For the past month, ads fliers, posters, videos and manned kiosks at local malls proclaimed “Shen Yun” to be a production of surpassing elegance and beauty, a ranging collection of song, dance and story so spellbinding and meticulously produced that it has literally left millions “in awe.” The show’s promotional material depicts audience members staring agog and misty-eyed at “Shen Yun” productions in some of the world’s biggest opera and music halls. The material promises a tear-wrenching experience of sensory overload that also manages to provide valuable modern interpretations of China’s wondrous ancient traditions.

Sounds pretty awesome, right?

I mean, who but the hardest- hearted cynic wouldn’t want to surrender himself to all those head-spinning acrobatic moves, those eye-popping costumes and 3-Dvisual effects?

But this show –or rather its mammoth and insidious promotional machine –has left me in awe for a very different reason. The production, far from being a straightforward revue of Chinese dance, music and storytelling, is in fact a slick piece of propaganda pushing the viewpoint of Falun Gong, a spiritual group that has been persecuted by the Chinese government since the late 1990s. It is produced by New Tang Dynasty Television, a New York City-based group founded by Falun Gong followers.

“The Falun Gong stories in Shen Yun Performing Arts provide an important window into the realities of modern-day China and portray the traditional soul of Chinese people who are today facing unjust adversity,”

wrote YuKun Lu, whose company New Era Cultural Experience presented the Buffalo performance, inane-mail to The News. “They are stories of human spirit and human courage, and they are stories worth telling.”

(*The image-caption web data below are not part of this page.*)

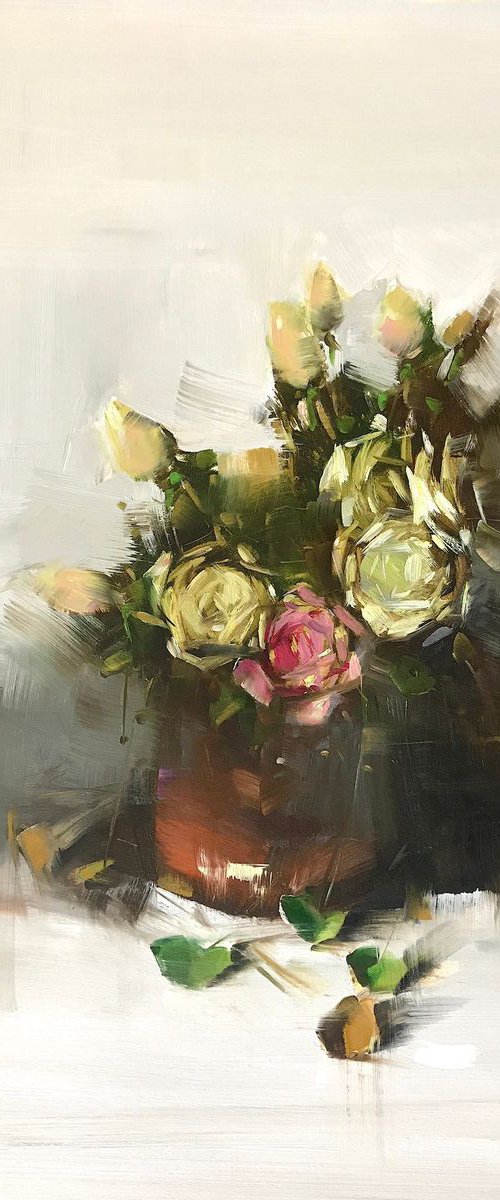 Roses, Oil painting, One of a kind, Signed, Handmade artwork by Vahe Yeremyan
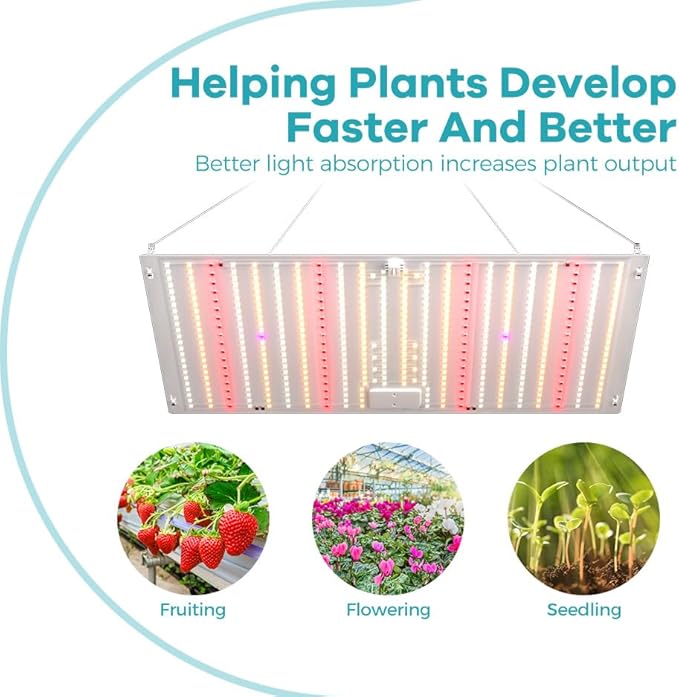 2Packs 400W LED Plant Growth Panels Sunlight-Mimicking Spectrum with Veg/Bloom Modes Dimmable Function &amp Independent Switch Suitable for Large-Scale Greenhouse TentsHydroponics And Indoor Plan
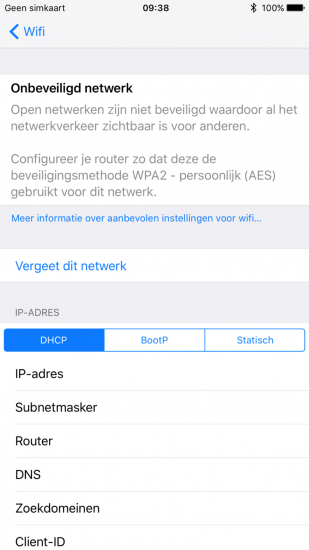 Beveiligingsadvies bij onbeveiligde Wi-Fi-netwerken in iOS 10.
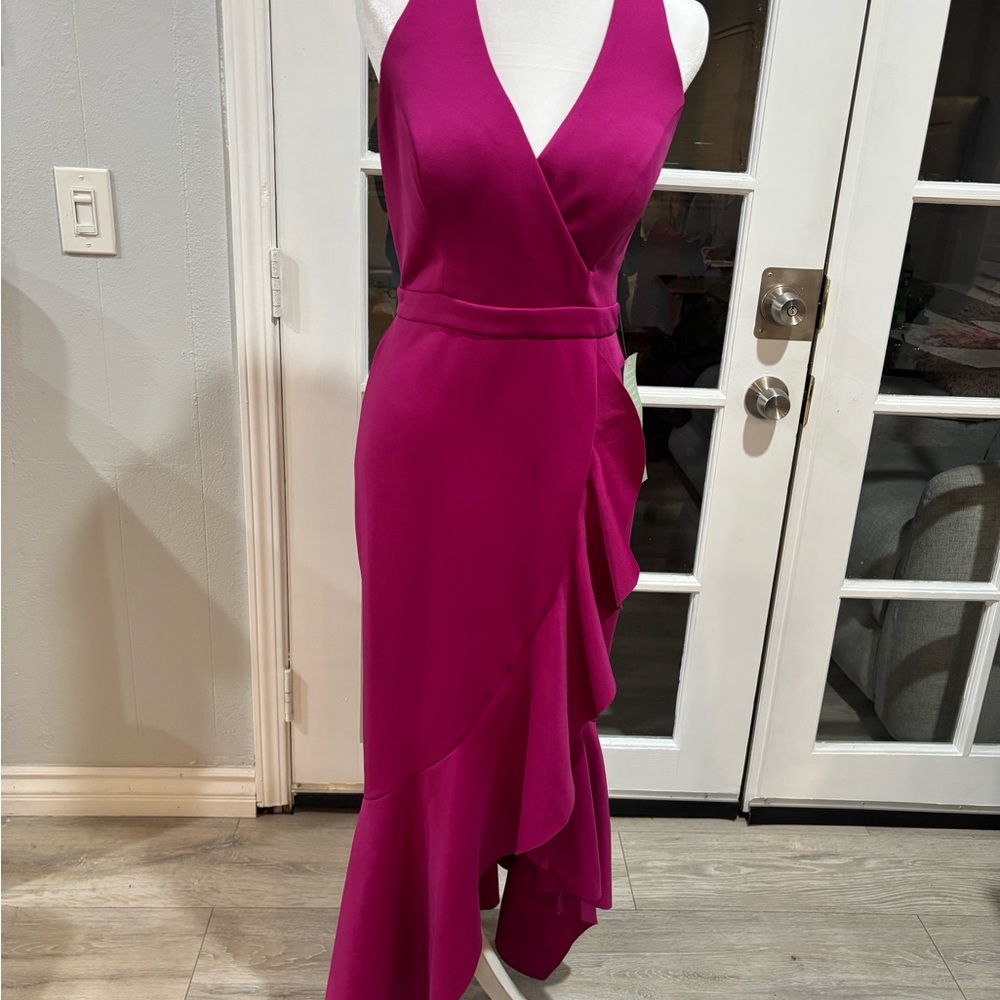 JCPenney Fuchsia Asymmetrical Dress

All true. But the problem with “Shen Yun” is not its endorsement of a specific religious and political viewpoint, nor that its production numbers portraying the oppressive tactics of the Chinese government have taken some audience members by surprise. In that respect, “Shen Yun” is laudable in its effort to bring human rights abuses perpetrated by the Chinese government to the attention of the American public.

The problem lies in the marketing of the production, which mentions absolutely nothing about the unique religious and political movement that drives the show, and without which the show would never have been conceived. In this way, the promoters and creators of “Shen Yun,” who have picked up a reputation for misrepresentation and deception over the years, have adopted the questionable propagandist tactics of the very government they criticize in their productions. My repeated requests to interview a member of the company, or anyone associated with the production, were declined – a further indication of the group’s tight message control.

These techniques include a “newspaper,” The Epoch Times, which is little more than a mouthpiece for Falun Gong. The Buffalo edition of the publication contains nothing but gleamingly positive coverage of “Shen Yun.” Look up “Shen Yun” in Google News and most of what comes back are articles from various international editions of the so-called newspaper extolling the virtues of the company. This shock-and-awe onslaught of positive articles is presumably meant to drown out investigative pieces about the group that have appeared in reputable news sources such as The New York Times, the Toronto Star and The Guardian, whose dance critic called a 2008 “Shen Yun” production “all too weird a mix of propaganda and bling.”

Perhaps the creators of “Shen Yun” are so put off by the traumatic experiences of their past that they think the mere mention of Falun Gong will send potential audience members running. But their solution, far from engaging in an honest conversation with the public about the spiritual movement they seek to promote, is to wait until the audience is already in the seats to clue them in to the production’s spiritual and political agenda.

If the Chinese expatriates of Falun Gong, who have been so mistreated at the hands of their former government, want to share their worthy and fascinating story with a broad international audience, the duplicitous techniques of propaganda are not the way to go.

A more daring and effective approach might be simply to tell the truth.